Please print, exactly, only the lines in the entries below from the line that has "All Of Me Piano" through the line that has "Von Dutch Originals Logo White LS Tee". Pictures don't go in.

• **Recorded data**:
---------------

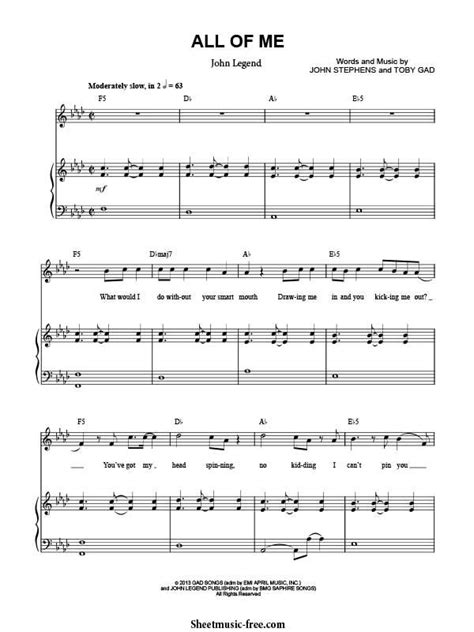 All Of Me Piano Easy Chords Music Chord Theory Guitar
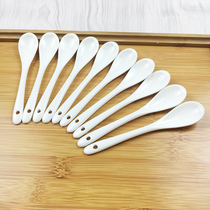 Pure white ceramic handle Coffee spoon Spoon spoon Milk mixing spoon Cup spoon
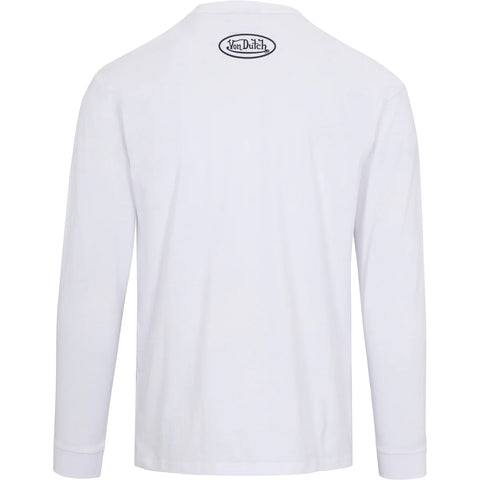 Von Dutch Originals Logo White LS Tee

---------------

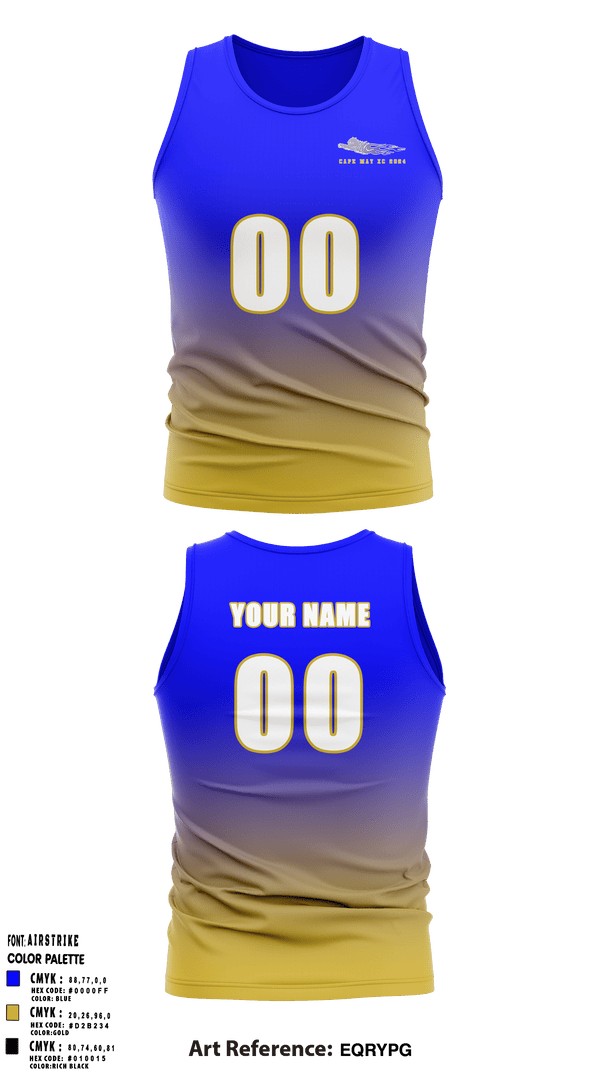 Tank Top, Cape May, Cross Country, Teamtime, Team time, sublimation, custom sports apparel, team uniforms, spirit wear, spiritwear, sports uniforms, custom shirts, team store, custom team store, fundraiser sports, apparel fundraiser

---------------

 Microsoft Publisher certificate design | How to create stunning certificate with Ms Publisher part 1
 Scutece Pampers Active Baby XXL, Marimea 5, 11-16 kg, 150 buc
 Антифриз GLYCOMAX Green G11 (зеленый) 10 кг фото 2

---------------

• **Result**:
 All Of Me Piano Easy Chords Music Chord Theory Guitar
 Pure white ceramic handle Coffee spoon Spoon spoon Milk mixing spoon Cup spoon
 Von Dutch Originals Logo White LS Tee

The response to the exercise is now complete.